Have you been reading any of the other Love Triangle 101 posts? Check out A Novel Idea for Signs You’re in A Love Triangle as well as the Event Schedule.
Today I’ve been thinking about fake triangles… You know what I mean, those relationships that do involve three people, but don’t tick those love triangle boxes. They’re everywhere… books, films, TV…
Here are a few examples of those situations that, to me, just don’t count:-
[A= protagonist / B= love interest #1 / C= love interest #2]
C is a stalker, rapist or serial killer.
A and B are in a forced relationship (due to a threat, blackmail or an arranged marriage).
Lorna is kept captive by her ambitious cousin, Carver Doone, before being rescued by delightful farmer, John Ridd.
B is just an obstacle to A and C being together (an annoying ex, or incompatible other half).
Although it is glaringly obvious that Marlena and Jacob should be together, her schizophrenic lion-tamer husband lingers dangerously between them.
A has no real interest in B or C, he/she is just a bit of a player.
John Tucker just likes girls. Full stop.
It is likely that A could end up with both B and C (and D, and E, and F).
A is Henry VIII.
That man was a law unto himself. His feelings of love, lust, obsession, hatred and tyranny are so fluid we never really end up with a triangle, more of an irregular heptagon.
B and C have no relationship to each other.
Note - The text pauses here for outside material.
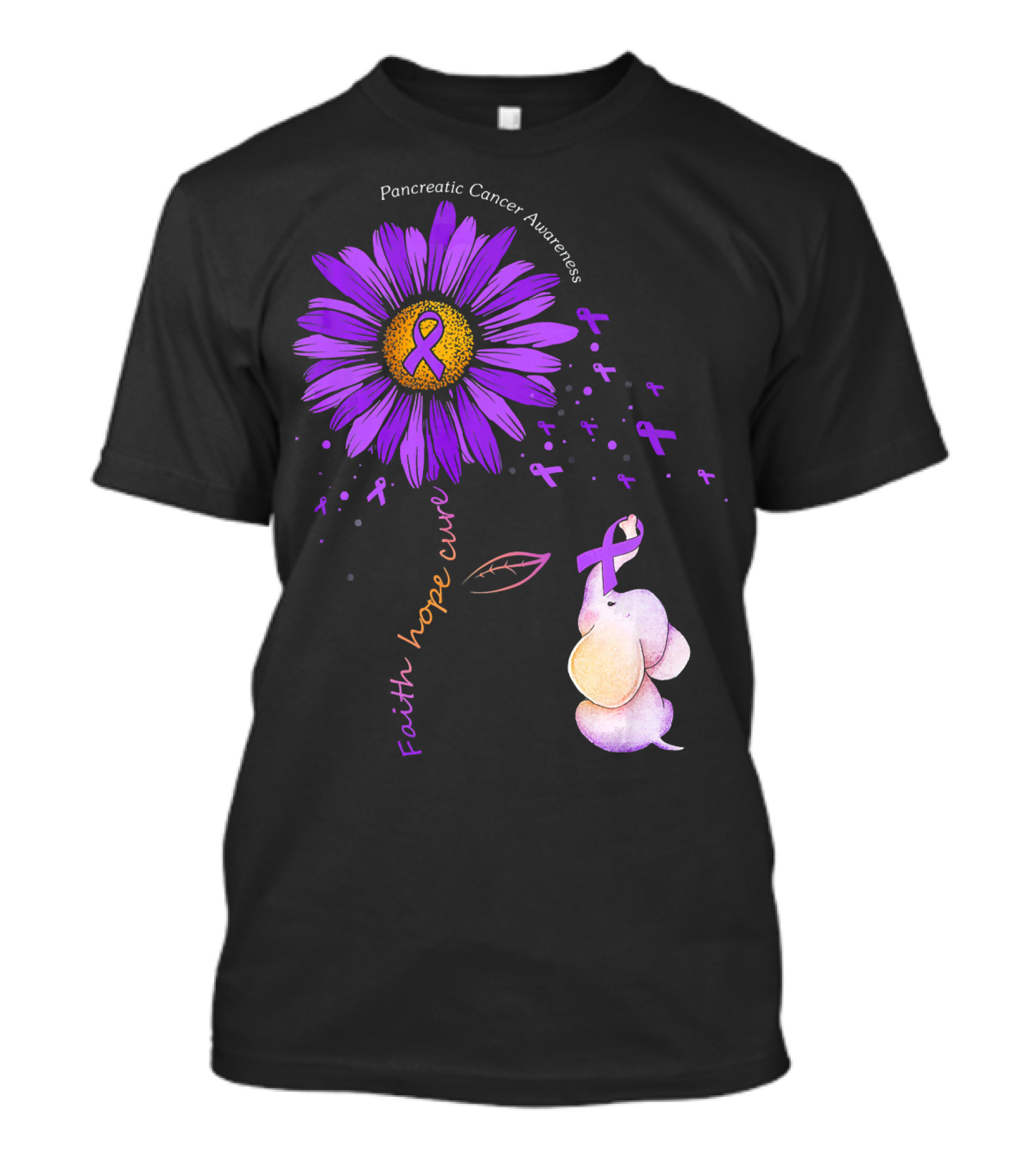 Faith Hope Cure Purple Daisy Flower Pancreatic Cancer Awareness T-Shirt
Marianne Dashwood is left heartbroken by Willoughby, in favour of the wealthy but malicious Miss Grey (who Marianne has only seen once, across a crowded ballroom). Each corner of a triangle must be joined by a line. If there is nothing between two of the points it is simply not a triangle.
So tell me, am I wrong? Are these legitimate examples of love triangles? Can you think of any more ‘fake triangles’?